Tras este arduo trabajo la ropa blanca requería de un esfuerzo adicional, cual era el de extenderlas sobre grandes marcos de alambre o especie de jaulas (vinimea cavea) y se quemaba azufre para blanquearla. En determinadas ocasiones y para blanquearla aún más, se espolvoreaba con arcilla blanca previamente al pressorium o planchado por prensa o estirado de la ropa. 
Un trabajo desagradable y ciertamente trabajoso, pero solicitado por todos los estratos principales de la sociedad romana por lo que sus propietarios, altamente valorados por aquellos principales que eran atendidos con la solicitud y rapidez requerida. 

El teñido de la ropa era allí mismo y con parecido sistema. La ropa era introducida en pequeñas balsas con el colorante correspondiente, normalmente derivados de plantas, insectos y crustáceos o mariscos. Se tenía a remojo con el producto el tiempo necesario y posteriormente se procedía a su lavado, secado y planchado, como en el caso del lavado normal. En el caso de mal tiempo o para colores que solían desteñir con una cierta facilidad, estas ropas se tendían mediante cuerdas en zonas sombreadas de la calle o en el desván de las instalaciones a fin de poder entregarlas con el mayor brillo y colorido posible.

Previo al invento de las planchas de hierro caliente, el sistema de planchado se hacía humedeciendo un poco la ropa y sujetándola en diferentes marcos de madera y mediante tornillos de madera que la mantenían tensa hasta su secado total.
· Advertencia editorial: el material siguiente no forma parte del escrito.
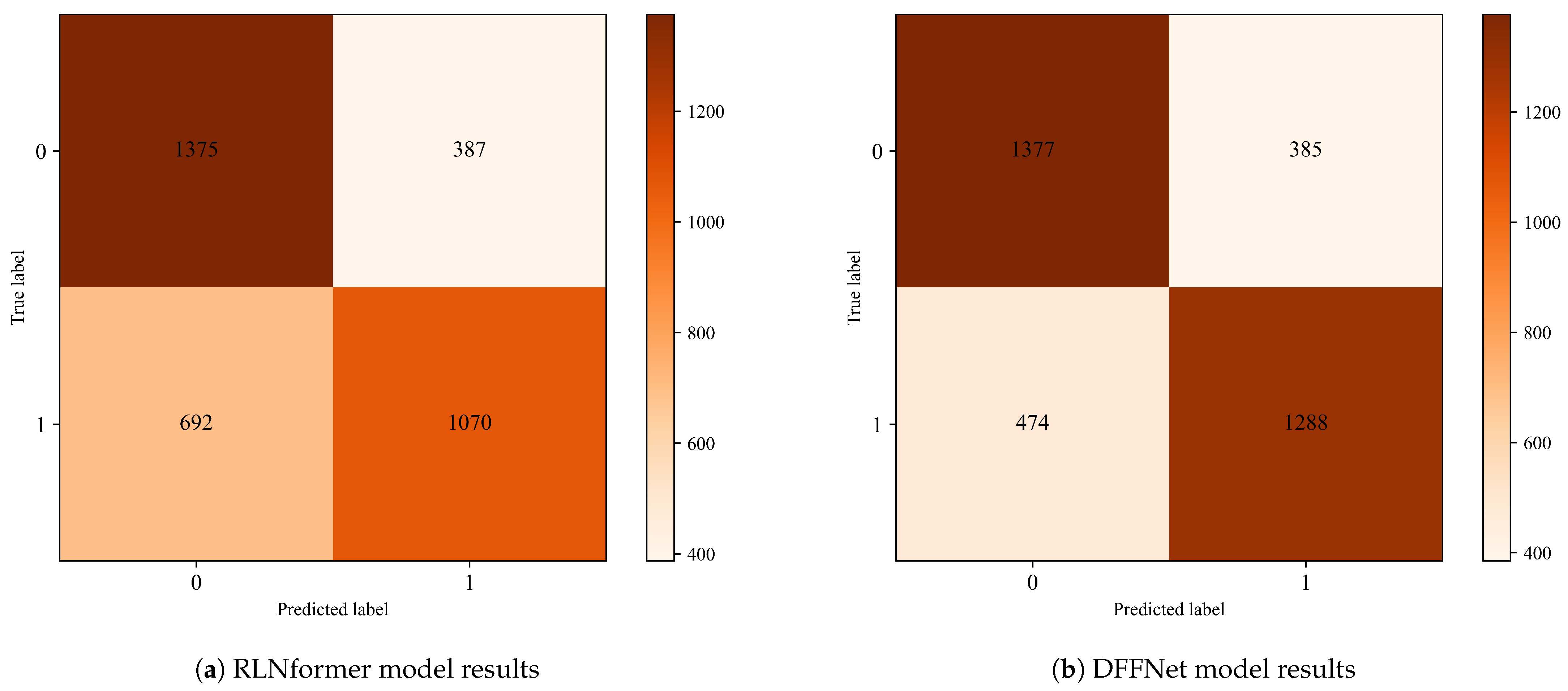 Electronics 13 02826 g012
También había prensas calientes que la dejaban mejor, aunque se supone que sería un sistema bastante más caro por el tiempo que precisaba. Tras el nuevo secado de la misma quedaba bastante más alisada y tras un toque manual sobre mesa al efecto, se doblaba correctamente y se colocaba en su estante a la espera de la recogida del cliente. Esos eran pues los trabajos habituales de este tipo de establecimientos de la época romana. La mayor parte de estas fotos, son frescos de las antiguas lavanderías de la ciudad de Pompeya que, enterrados bajo las cenizas del Vesubio han quedado para la posteridad.   

Para recabar orina sin gasto alguno las fullonicae, normalmente instaladas cerca de las murallas siempre en zonas de comercio o mercados y por lo tanto en lugares altamente transitados, tenían instalados en su fachada ánforas perforadas en su base y conectadas por un canalillo con el interior del establecimiento para que los transeúntes pudieran aliviar sus necesidades. Incluso solían tener una rotulación que invitaba a hacerlo. El emperador Vespasiano, siempre con ganas de aumentar el contenido de sus arcas, emitió un decreto por el cual las fullonicae debían pagar una tasa por los orines recolectados en la vía pública. Suetonio cuenta que Tito, el hijo del emperador Vespasiano, recriminó a su padre dicho impuesto diciéndole que olía mal. El emperador extrajo de su bolsa una moneda de oro y poniéndola en la mano de su hijo le preguntó si le molestaba su olor.
- Claro que no -respondió Tito extrañado.
- Pues procede de la orina -dijo Vespasiano.